MN: How did you feel saying that in Topaz?

TS: Well, in Topaz I was just a four year old kid. I went to first grade when I was five. We had to stand there and salute, say the Pledge of Allegiance to the flag, flag was hanging by the door. We didn't know what the hell we were saying. We just said what they told us to say, you know? But again, in retrospect, I feel like, my goodness. "With liberty and justice for all"? You know, if I, you look up the word "liberty" in the dictionary, it says freedom from oppression, freedom from control and blah blah blah, so "with liberty and justice for all"? I was born in San Francisco; I'm just as much a citizen as any other hakujin or whoever. And they pick us out, single us out and then they deny our constitutional rights and our civil rights, our human rights, and I'm gonna sit here and say, oh well, it can't be helped?
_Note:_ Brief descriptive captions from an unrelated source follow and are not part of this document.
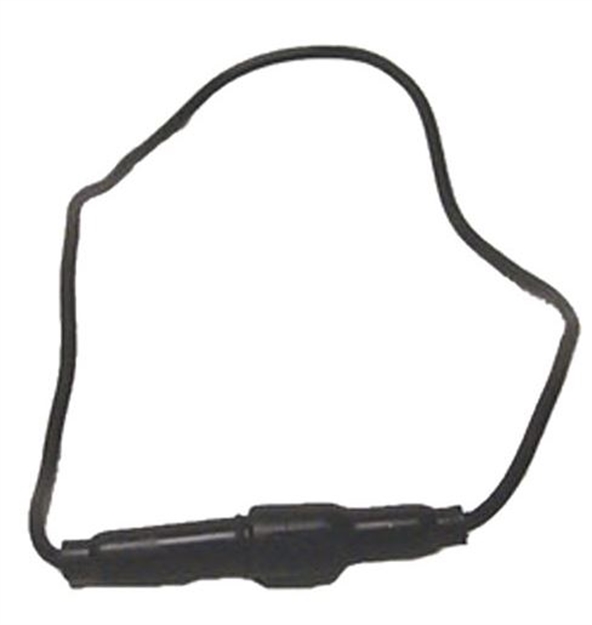 Picture of Sierra Bullets FJ 30A Wtrprf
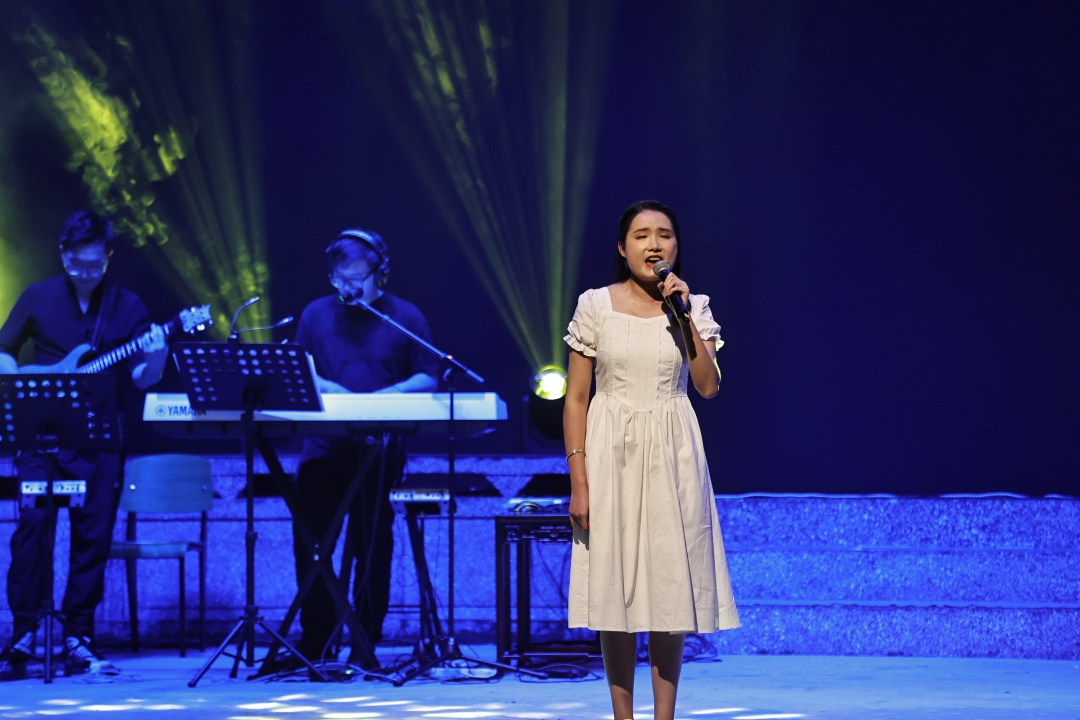 微信图片_20250520201626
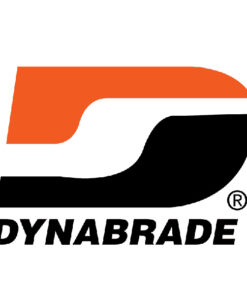 Dynabrade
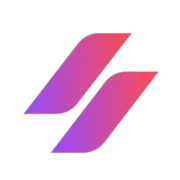 SalesCloser logo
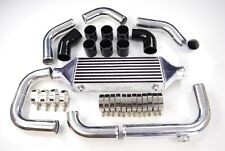 FRONT MOUN TINTERCOOLER KIT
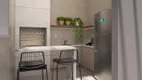 Foto 18 de Apartamento com 1 Quarto à venda, 33m² em Tucuruvi, São Paulo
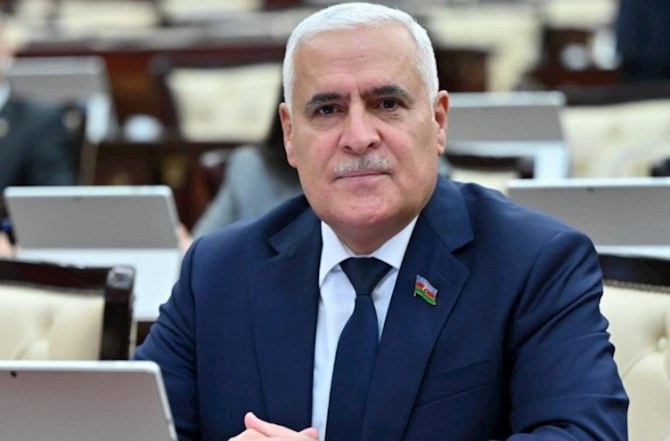 Deputat: Közərmə lampalarının qadağan olunması istehlakçılara fayda verəcək Deputat: Közərmə lampalarının qadağan olunması istehlakçılara fayda verəcək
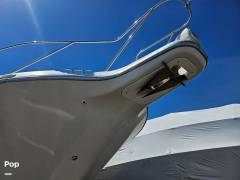 1996 Bayliner Avanti 3255, $ 28,000.00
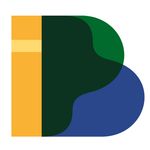 Logo da loja  Instituto Piano Brasileiro - IPB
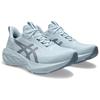 Asics Novablast 4 Limited Edition Cool Grey Blue Men Sneakers 1011B887-020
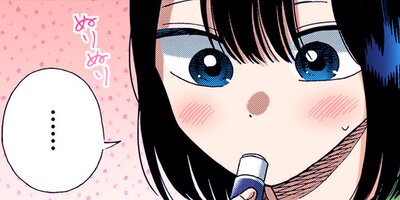 ��ֻҤ��� 74�ڥե륫�顼��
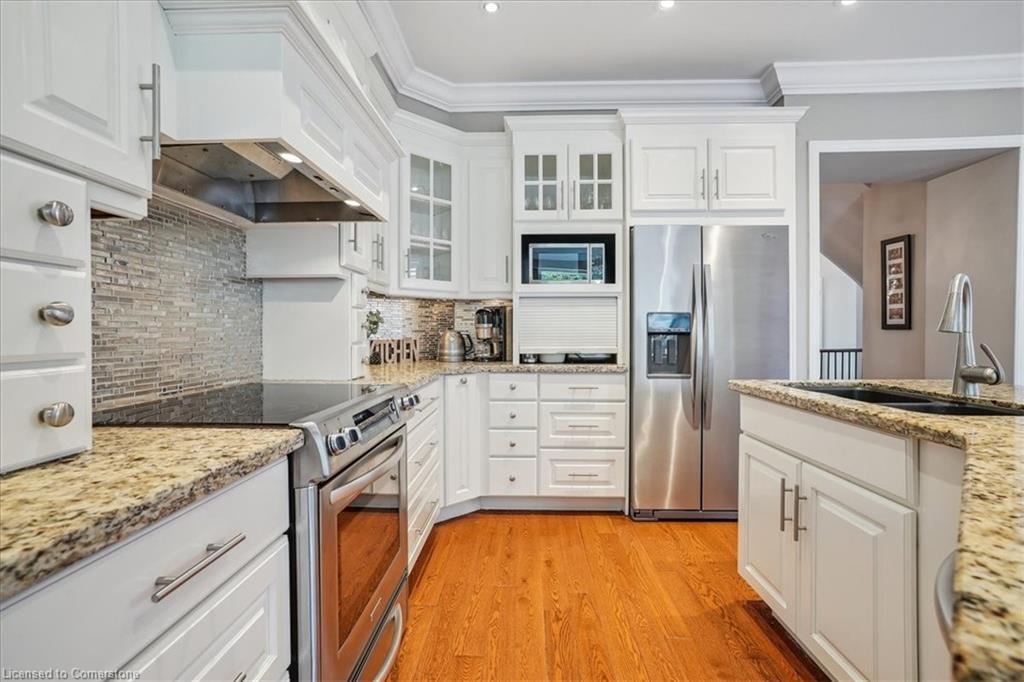 2328 Woodfield Road Property Photo 19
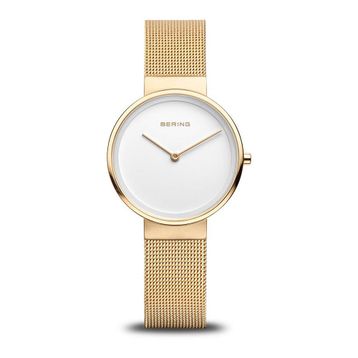 Bering 14531-334 Kol Saati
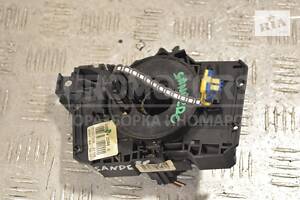 Шлейф Airbag кольцо подрулевое Renault Sandero 2007-2013 82007925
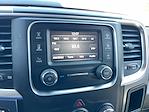 2021 Ram 1500 Classic Crew Cab 4WD Pickup for sale #PF2243ADR - photo 10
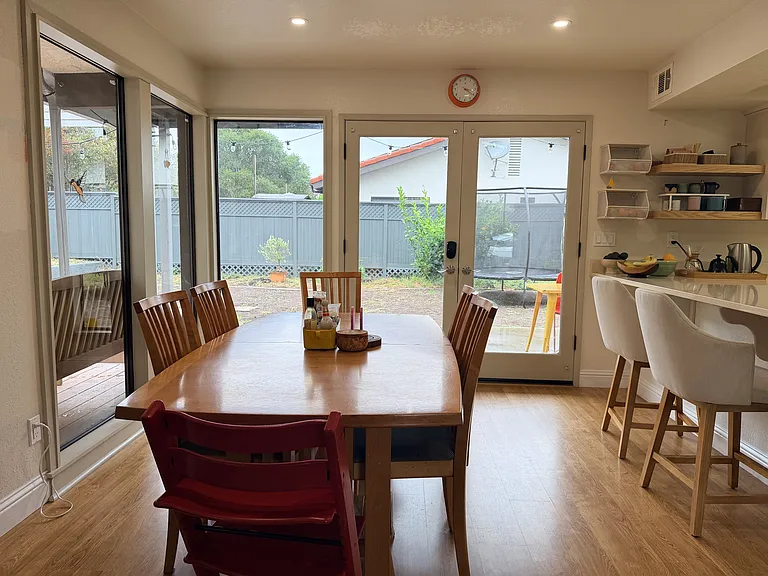 2471 Tierra Dr — Photo 5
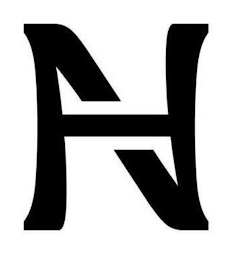 HN logo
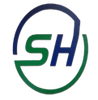 Scan Healthcare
Bullshit. I don't see how the hell people can say that, by the way, in good conscience, unless they just, they don't want to make waves, they just want to keep everything as quiet as can be. But you know something? I don't give a shit what people think of me. This is me, this is how I feel. I can't change my feelings. I can bullshit you and tell you, oh, it was la-di-da, but then I wouldn't be real. I'm trying to give you the real me. If you want the real Toru, that's what you're getting. If you want the phony Toru, find somebody else.